Exercise =>
Only one stretch of the records below should be repeated. It starts with the line containing "Early Antique Wooden" and goes on through the line containing "Burberry Metallic Silver", exactly as written.

Raw data =>
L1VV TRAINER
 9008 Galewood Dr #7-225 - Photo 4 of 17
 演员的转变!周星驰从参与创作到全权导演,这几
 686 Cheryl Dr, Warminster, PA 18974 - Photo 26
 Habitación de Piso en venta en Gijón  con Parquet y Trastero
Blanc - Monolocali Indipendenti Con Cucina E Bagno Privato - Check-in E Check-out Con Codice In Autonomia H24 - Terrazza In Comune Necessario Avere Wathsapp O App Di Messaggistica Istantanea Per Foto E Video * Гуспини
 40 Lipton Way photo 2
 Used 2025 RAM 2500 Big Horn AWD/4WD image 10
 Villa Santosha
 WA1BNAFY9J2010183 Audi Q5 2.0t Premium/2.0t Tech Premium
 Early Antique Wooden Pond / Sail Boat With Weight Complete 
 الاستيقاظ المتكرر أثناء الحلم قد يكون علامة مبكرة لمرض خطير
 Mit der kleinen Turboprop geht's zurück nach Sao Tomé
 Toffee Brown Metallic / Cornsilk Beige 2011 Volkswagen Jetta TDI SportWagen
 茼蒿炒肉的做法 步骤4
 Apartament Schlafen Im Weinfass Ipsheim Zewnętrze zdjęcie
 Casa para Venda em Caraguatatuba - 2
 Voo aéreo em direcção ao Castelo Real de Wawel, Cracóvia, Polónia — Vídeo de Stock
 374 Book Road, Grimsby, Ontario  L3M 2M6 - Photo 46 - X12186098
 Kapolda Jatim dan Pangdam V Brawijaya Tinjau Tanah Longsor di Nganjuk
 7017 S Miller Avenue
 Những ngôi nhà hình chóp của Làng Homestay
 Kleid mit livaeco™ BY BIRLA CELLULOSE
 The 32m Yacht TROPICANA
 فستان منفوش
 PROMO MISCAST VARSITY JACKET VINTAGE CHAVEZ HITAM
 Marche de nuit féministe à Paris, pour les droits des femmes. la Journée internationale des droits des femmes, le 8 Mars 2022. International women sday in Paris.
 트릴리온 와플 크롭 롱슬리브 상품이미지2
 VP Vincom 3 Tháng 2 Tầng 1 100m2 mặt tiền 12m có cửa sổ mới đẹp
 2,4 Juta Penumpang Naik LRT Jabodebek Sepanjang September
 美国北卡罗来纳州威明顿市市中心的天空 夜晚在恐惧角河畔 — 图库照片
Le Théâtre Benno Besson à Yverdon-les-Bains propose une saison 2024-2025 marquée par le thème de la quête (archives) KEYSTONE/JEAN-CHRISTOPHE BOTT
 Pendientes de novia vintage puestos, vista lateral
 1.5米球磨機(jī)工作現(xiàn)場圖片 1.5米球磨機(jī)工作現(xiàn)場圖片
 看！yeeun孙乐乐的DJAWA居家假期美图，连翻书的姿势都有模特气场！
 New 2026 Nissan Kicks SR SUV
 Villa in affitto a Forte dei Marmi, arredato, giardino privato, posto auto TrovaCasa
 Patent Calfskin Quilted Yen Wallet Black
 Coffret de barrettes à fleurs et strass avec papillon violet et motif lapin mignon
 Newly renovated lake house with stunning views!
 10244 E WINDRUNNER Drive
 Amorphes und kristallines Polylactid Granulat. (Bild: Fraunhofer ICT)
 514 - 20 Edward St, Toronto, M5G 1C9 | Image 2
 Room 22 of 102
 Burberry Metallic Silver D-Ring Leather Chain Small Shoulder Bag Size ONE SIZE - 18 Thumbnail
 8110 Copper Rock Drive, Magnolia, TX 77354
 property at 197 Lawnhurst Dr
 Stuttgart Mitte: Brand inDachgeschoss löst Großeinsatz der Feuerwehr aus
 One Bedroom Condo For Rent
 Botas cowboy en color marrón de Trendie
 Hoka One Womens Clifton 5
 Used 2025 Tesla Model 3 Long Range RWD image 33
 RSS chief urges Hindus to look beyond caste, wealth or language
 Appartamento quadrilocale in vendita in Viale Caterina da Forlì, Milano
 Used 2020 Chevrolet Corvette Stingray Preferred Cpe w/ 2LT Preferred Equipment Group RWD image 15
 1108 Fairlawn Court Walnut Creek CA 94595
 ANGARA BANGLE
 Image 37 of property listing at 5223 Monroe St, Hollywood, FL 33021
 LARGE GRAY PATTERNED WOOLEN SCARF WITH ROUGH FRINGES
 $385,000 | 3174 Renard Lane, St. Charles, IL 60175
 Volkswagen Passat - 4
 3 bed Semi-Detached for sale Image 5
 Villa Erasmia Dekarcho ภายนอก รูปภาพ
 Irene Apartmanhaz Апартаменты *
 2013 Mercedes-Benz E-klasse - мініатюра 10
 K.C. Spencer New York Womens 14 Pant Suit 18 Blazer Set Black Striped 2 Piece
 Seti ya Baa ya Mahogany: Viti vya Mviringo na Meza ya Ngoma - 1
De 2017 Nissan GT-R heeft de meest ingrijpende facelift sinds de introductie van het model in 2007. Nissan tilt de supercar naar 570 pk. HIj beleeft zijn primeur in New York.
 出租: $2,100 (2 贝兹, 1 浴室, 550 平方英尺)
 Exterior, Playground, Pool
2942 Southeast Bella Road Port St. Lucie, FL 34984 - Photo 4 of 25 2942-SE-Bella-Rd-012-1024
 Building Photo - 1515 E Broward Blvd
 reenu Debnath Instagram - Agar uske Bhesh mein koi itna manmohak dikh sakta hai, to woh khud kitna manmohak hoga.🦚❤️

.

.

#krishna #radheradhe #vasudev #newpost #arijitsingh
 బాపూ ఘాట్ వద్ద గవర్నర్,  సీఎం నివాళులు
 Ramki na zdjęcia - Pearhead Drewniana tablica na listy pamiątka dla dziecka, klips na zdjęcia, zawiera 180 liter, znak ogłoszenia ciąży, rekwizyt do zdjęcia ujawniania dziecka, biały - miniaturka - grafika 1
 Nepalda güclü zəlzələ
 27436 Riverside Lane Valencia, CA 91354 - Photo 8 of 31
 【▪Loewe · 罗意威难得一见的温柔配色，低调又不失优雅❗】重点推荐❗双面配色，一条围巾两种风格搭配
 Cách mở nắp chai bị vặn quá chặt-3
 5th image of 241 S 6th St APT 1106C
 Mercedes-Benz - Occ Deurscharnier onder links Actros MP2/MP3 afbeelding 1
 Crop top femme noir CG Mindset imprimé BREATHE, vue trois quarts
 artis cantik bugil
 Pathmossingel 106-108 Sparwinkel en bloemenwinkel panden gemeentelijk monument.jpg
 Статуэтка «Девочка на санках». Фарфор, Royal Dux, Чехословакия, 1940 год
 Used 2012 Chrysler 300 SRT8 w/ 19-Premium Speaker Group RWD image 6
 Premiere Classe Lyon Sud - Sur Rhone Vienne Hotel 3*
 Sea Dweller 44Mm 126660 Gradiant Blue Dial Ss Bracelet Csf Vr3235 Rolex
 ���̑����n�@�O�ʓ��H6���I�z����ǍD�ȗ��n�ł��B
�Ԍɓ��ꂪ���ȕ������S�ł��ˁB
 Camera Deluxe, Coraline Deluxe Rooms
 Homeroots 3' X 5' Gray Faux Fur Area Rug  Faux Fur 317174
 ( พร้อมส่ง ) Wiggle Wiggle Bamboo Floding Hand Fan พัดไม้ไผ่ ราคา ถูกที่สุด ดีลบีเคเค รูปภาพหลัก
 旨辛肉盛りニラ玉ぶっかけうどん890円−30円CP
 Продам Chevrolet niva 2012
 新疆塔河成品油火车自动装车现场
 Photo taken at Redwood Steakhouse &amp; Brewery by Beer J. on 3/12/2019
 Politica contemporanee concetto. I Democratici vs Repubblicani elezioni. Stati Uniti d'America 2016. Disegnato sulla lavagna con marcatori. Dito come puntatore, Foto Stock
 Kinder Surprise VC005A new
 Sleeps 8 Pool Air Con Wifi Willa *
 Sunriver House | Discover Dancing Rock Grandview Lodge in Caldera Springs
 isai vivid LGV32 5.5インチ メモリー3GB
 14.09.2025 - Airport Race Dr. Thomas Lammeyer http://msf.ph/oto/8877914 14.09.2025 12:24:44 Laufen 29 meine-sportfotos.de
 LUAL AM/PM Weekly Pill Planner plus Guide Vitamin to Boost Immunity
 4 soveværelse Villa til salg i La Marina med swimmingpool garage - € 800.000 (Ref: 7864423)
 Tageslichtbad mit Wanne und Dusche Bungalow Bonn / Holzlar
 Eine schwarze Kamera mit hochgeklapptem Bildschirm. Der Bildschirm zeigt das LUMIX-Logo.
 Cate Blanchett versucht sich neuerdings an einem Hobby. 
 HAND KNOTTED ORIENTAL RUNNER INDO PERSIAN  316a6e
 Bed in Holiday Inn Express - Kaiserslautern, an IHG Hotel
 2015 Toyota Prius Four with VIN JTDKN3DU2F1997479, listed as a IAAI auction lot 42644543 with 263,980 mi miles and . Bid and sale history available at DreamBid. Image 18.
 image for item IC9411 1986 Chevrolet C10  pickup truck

Worked solution =>
 Early Antique Wooden Pond / Sail Boat With Weight Complete 
 الاستيقاظ المتكرر أثناء الحلم قد يكون علامة مبكرة لمرض خطير
 Mit der kleinen Turboprop geht's zurück nach Sao Tomé
 Toffee Brown Metallic / Cornsilk Beige 2011 Volkswagen Jetta TDI SportWagen
 茼蒿炒肉的做法 步骤4
 Apartament Schlafen Im Weinfass Ipsheim Zewnętrze zdjęcie
 Casa para Venda em Caraguatatuba - 2
 Voo aéreo em direcção ao Castelo Real de Wawel, Cracóvia, Polónia — Vídeo de Stock
 374 Book Road, Grimsby, Ontario  L3M 2M6 - Photo 46 - X12186098
 Kapolda Jatim dan Pangdam V Brawijaya Tinjau Tanah Longsor di Nganjuk
 7017 S Miller Avenue
 Những ngôi nhà hình chóp của Làng Homestay
 Kleid mit livaeco™ BY BIRLA CELLULOSE
 The 32m Yacht TROPICANA
 فستان منفوش
 PROMO MISCAST VARSITY JACKET VINTAGE CHAVEZ HITAM
 Marche de nuit féministe à Paris, pour les droits des femmes. la Journée internationale des droits des femmes, le 8 Mars 2022. International women sday in Paris.
 트릴리온 와플 크롭 롱슬리브 상품이미지2
 VP Vincom 3 Tháng 2 Tầng 1 100m2 mặt tiền 12m có cửa sổ mới đẹp
 2,4 Juta Penumpang Naik LRT Jabodebek Sepanjang September
 美国北卡罗来纳州威明顿市市中心的天空 夜晚在恐惧角河畔 — 图库照片
Le Théâtre Benno Besson à Yverdon-les-Bains propose une saison 2024-2025 marquée par le thème de la quête (archives) KEYSTONE/JEAN-CHRISTOPHE BOTT
 Pendientes de novia vintage puestos, vista lateral
 1.5米球磨機(jī)工作現(xiàn)場圖片 1.5米球磨機(jī)工作現(xiàn)場圖片
 看！yeeun孙乐乐的DJAWA居家假期美图，连翻书的姿势都有模特气场！
 New 2026 Nissan Kicks SR SUV
 Villa in affitto a Forte dei Marmi, arredato, giardino privato, posto auto TrovaCasa
 Patent Calfskin Quilted Yen Wallet Black
 Coffret de barrettes à fleurs et strass avec papillon violet et motif lapin mignon
 Newly renovated lake house with stunning views!
 10244 E WINDRUNNER Drive
 Amorphes und kristallines Polylactid Granulat. (Bild: Fraunhofer ICT)
 514 - 20 Edward St, Toronto, M5G 1C9 | Image 2
 Room 22 of 102
 Burberry Metallic Silver D-Ring Leather Chain Small Shoulder Bag Size ONE SIZE - 18 Thumbnail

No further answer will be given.